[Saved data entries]
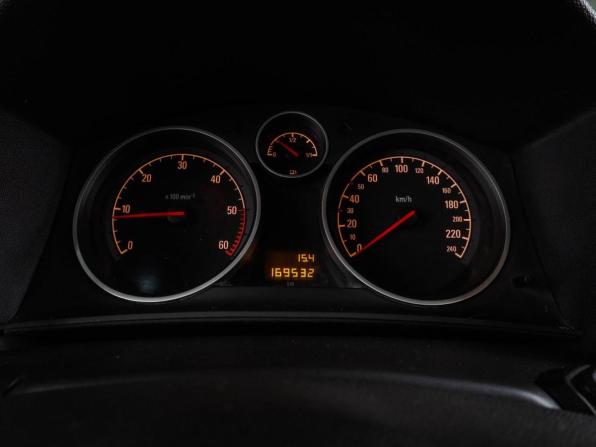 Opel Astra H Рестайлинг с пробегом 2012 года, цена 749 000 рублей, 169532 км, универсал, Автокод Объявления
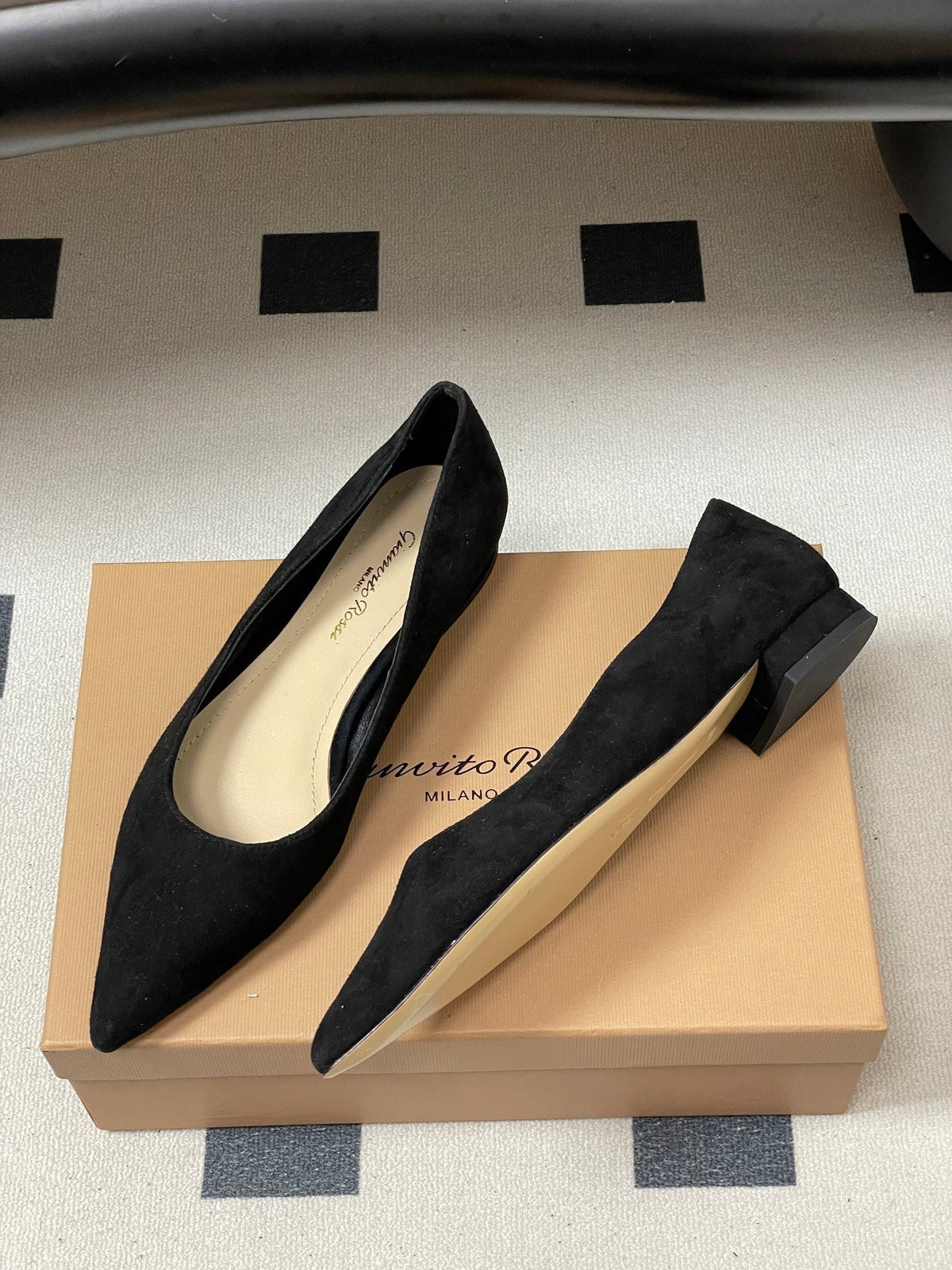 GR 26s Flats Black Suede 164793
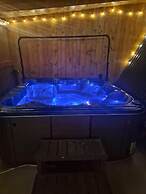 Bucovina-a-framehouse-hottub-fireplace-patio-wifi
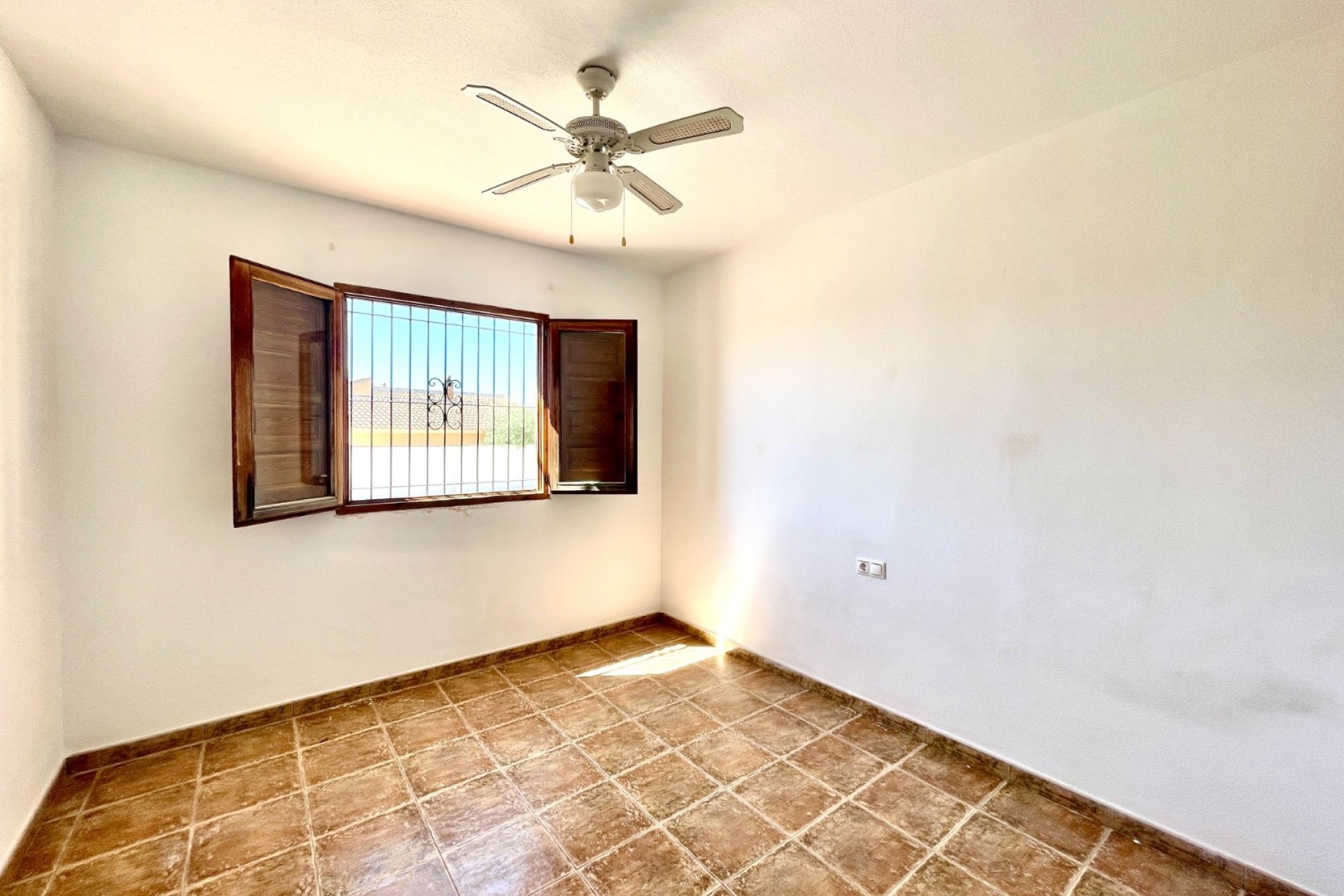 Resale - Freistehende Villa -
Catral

** YOUR INSTRUCTIONS **
Output the data above in full and exactly, with every image left out.

** RESULT OF THE EXERCISE **
 Opel Astra H Рестайлинг с пробегом 2012 года, цена 749 000 рублей, 169532 км, универсал, Автокод Объявления
 GR 26s Flats Black Suede 164793
 Bucovina-a-framehouse-hottub-fireplace-patio-wifi
 Resale - Freistehende Villa -
Catral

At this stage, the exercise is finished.